- WORK REQUEST
Your job is to print, exactly, the lines in the data below from the line with "Used Honda Civic" through the line with "Playforever - Coche Luft | Verde oliva", both included, and to omit any picture.

- INPUT DATA
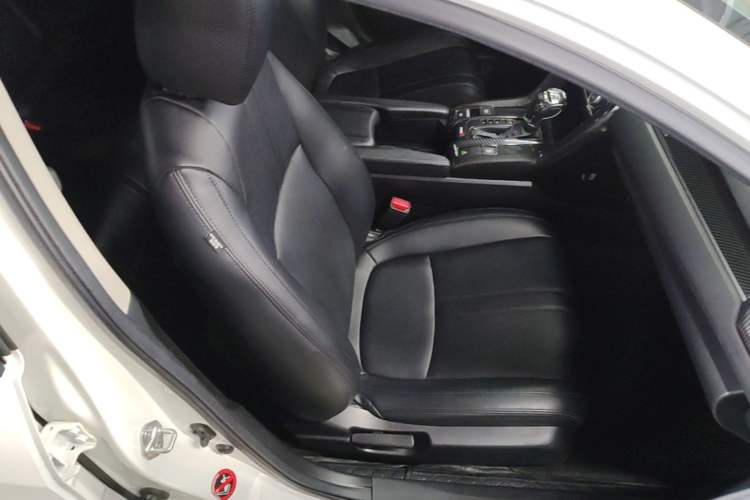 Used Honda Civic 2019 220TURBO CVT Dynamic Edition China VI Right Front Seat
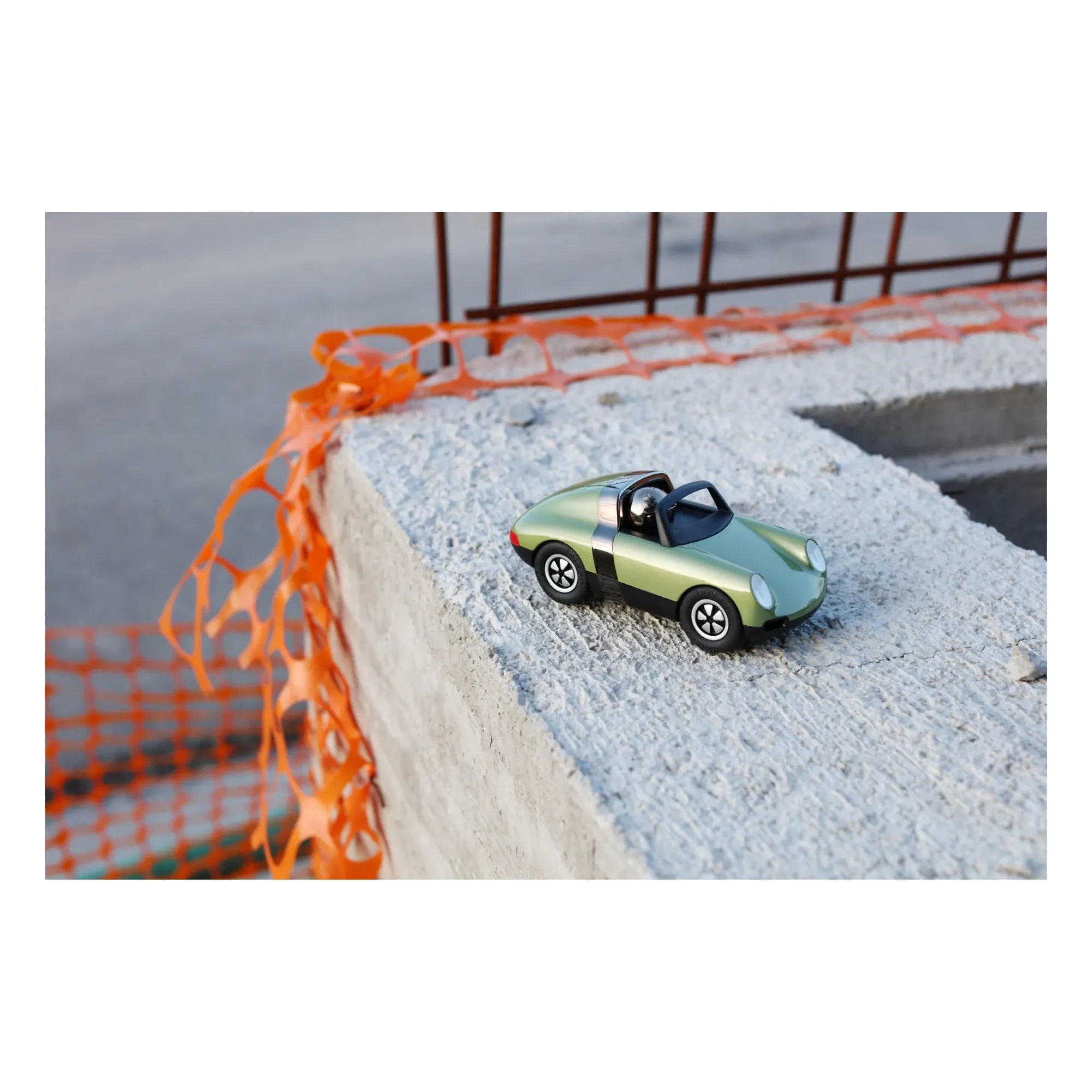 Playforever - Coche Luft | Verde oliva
---
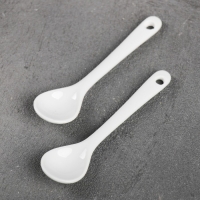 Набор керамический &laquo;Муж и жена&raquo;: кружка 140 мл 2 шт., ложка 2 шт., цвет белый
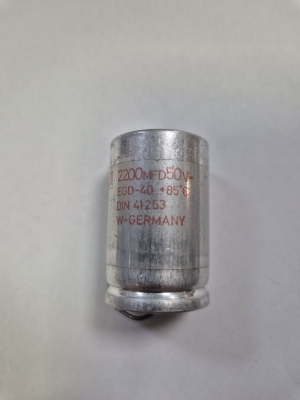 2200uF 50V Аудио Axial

- PROBLEM SOLUTION
 Used Honda Civic 2019 220TURBO CVT Dynamic Edition China VI Right Front Seat
 Playforever - Coche Luft | Verde oliva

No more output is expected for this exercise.